Second. Was the property thus captured in "the military service of the United States?" By his contract of the 25th of July, 1864, did Stuart enter into the military service of the United States, and was he acting in such military service when his property was captured, or was he a transporter, a carrier, a contractor merely? By the first article of his contract, he undertakes to "transport" "all such military stores or supplies as may be turned over to him for transportation" from Forts Riley and Leavenworth and the Town of Kansas to New Mexico or Colorado. In the second, fourth, fifth, sixth, eighth, eleventh, twelfth, thirteenth, and sixteenth articles, the duty is clearly pointed out and named as that of transporting and delivering. A contractor or carrier is in no sense a soldier. In no just sense is he engaged in war, although he may transport the articles used in war. He carries forth and he carries back supplies and stores for those who are engaged in war, but takes no personal part in it. He carries, in the present case, during the period between April and September, of the year 1864, from the points to the points named. There is no allegation that in the month of July, when the capture took place, actual war was going on in Kansas, or in the region between Kansas and New Mexico, or Colorado, or that the train from which the capture was made was a part of a military expedition. The stores, supplies, baggage trains, the "impedimenta" of an army, are undoubtedly a portion of the army, and those engaged in the management and control of them are in the military service. These are indeed vital to its existence, and their collection and protection are among the most anxious duties of a careful commander. But the collection and transportation from post to post of stores and supplies, remote from the seat of actual war, not forming a portion of
an advancing or retreating army, is quite another thing. These letter duties are those of a commissary or quartermaster, and not of a commanding officer. They may be performed by soldiers or by civilians, by the army or by contractors. Those engaged in them may or may not form a portion of an army.

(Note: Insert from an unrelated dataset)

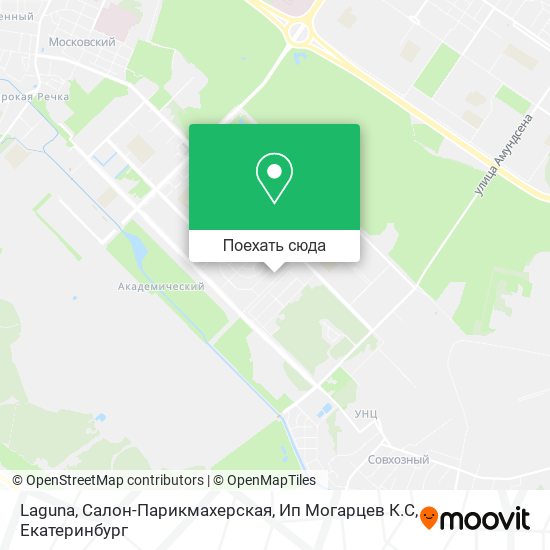 Карта Laguna, Салон-Парикмахерская, Ип Могарцев К.С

That the statute of 1849, under which this claim is made, was intended for the indemnity of those engaged in the actual military service of the United States -- that is, for enlisted men while in the performance of their duties as such, is plain enough.
This second section, under which the present claim is made, provides in its first clause for an indemnity for the loss of any horse, mule, ox, wagon &c., arising from capture or destruction by an enemy, or where the property has been abandoned or destroyed by the order of a commanding officer, while such property was in the military service of the United States, either by impressment or by contract. This military service is the same as that spoken of in the first section -- to-wit, in battle or service as soldiers under the command of officers of the army. The destruction, abandonment, or capture is that of the same enemy -- to-wit, an organized hostile force. And the same rule is applicable whether the property was in such actual service by the consent and agreement of the owner, as by hire, or whether it had been forcibly seized by the government -- that is to say, "either by impressment or contract" -- unless the owner had agreed himself to bear the hazard of the loss.

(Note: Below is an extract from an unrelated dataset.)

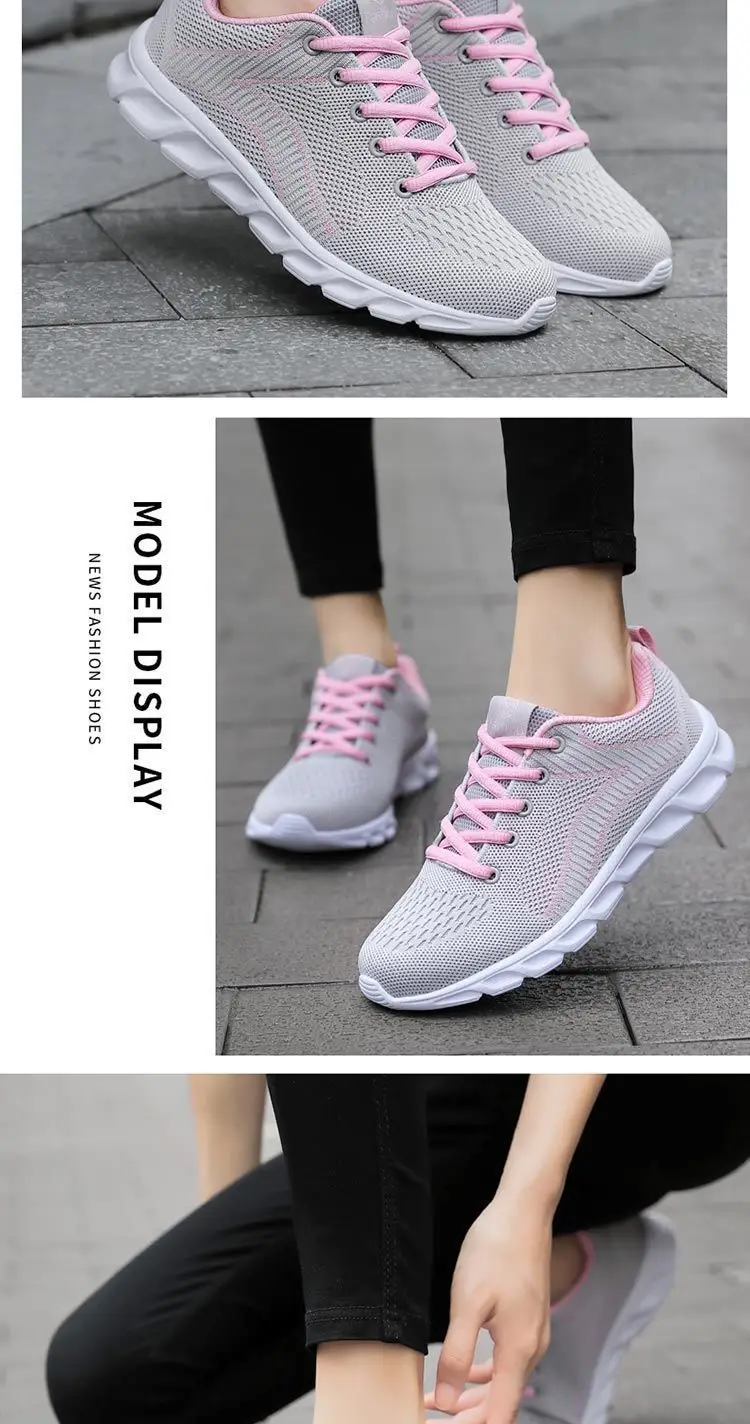 Autumn new women's sports casual shoes non-slip soft bottom all black work shoes mother shoes ultra-light kitchen shoes — feature 19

The next paragraph of the section provides for a loss by death or abandonment in consequence of failure on the part of the United States to supply sufficient forage, or where the loss has occurred "by unavoidable accident" while such property "was in the service aforesaid." In each case, the value of the article to be paid, is its value at the time such person "entered the service."
To all these provisos is added the final and sweeping qualification, in these words:
"Provided it shall appear that such loss, capture, abandonment, destruction, or death was
without fault or negligence on the part of the owner of the property, and while it was actually employed in the service of the United States."
Was the claimant personally in the service of the United States, and when did he enter it, if at all, and what were his duties? It does not appear that he was obliged to be with the train in person, or even that he was with it at the time of the loss.
Upon the claimant's construction of the statute, if his whole train had been destroyed by lightning or by tempests, by unexpected drought or overwhelming heat, his claim for indemnity would have been perfect. A destruction "by unavoidable accident" of any horse, mule, ox, wagon, or cart is provided for with equal clearness as where the loss occurs by abandonment or by the capture of an enemy.
This construction is not admissible. The claimant was a carrier or transporter of stores or supplies for the United States, which stores and supplies were of a military character, and which would be used by the United States as their convenience or necessity required. He contracted to carry the stores, and the government contracted to pay him $1.97 per hundred pounds. He was not in the military service of the United States, and can therefore claim no benefit under the statute of 1849.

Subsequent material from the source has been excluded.